Now, \(\frac{\bar{X}_n - \mu}{\sigma/\sqrt{n}}\) is a pivotal quantity for \(\mu\) because

  • it is a function of both the sample data \(X_1, X_2, ..., X_n\) and \(\mu\)

  • its distribution is always \(\mathcal{N}(0, 1)\) and does not change with \(\mu\).

7.1.3 Pivotal Quantity for Population Mean via CLT

Suppose our population has mean \(\mu\) and variance \(\sigma^2\), i.e., \(X \sim (\mu, \sigma^2)\) and again we have the data \(X_1, X_2, ..., X_n\). But now, if we do not assume a normal distribution and we know that our sample size is large enough, we can use the Central Limit Theorem, which says that the sample mean is approximately normal:

\[\bar{X}_n = \frac{X_1 + X_2 + ... + X_n}{n} \overset{\cdot}{\sim} N\left(\mu, \frac{\sigma^2}{n}\right)\]

to similarly construct the pivotal quantity for \(\mu\) when \(n\) is large

\[\frac{\bar{X}_n - \mu}{\sigma/\sqrt{n}} \overset{\cdot}{\sim} \mathcal{N}(0,1)\]

Notes: So, for

  • normal population \((\mu, \sigma^2)\) and sample size \(n\);

  • any population with mean \(\mu\) and variance \(\sigma^2\), and a large enough sample size (\(n > 30\));

the pivotal quantity for \(\mu\) is

\[Q_{\mu} = \frac{\bar{X}_n-\mu}{\sigma/\sqrt{n}} \sim \mathcal{N}(0,1)\]
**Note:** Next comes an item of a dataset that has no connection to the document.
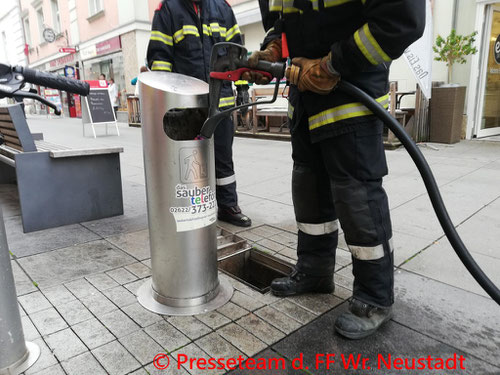 © Presseteam der Freiwilligen Feuerwehr Wiener Neustadt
7.1.4 Pivotal Quantity for \(\mu\) When \(\sigma\) is Unknown

We can see that the pivotal quantity in the previous sections involves not only \(\mu\) but also \(\sigma\). If \(\sigma\) is unknown, then it will no longer be a pivotal quantity for \(\mu\).

We however can approximate \(\sigma\) by the sample standard deviation \(S\): \[S = \sqrt{\frac{1}{n-1}\sum_{i=1}^n(X_i - \bar{X})^2}\] Note here that different from \(s\) (actual obtained value from the data set), \(S\) here is a random variable calculated from the random sample data \(X_1, X_2, ..., X_n\).

When we replace \(\sigma\) by \(S\), we have the following result

\[\frac{\bar{X}_n - \mu}{S/\sqrt{n}} \sim t(n-1)\]

where \(t(n-1)\) is the (central) \(t\)-distribution of \(n-1\) degrees of freedom18. Now, this is a pivotal quantity because

  • it is a function of both the sample data \(X_1, X_2, ..., X_n\) and \(\mu\). (\(S\) is also a function of the data)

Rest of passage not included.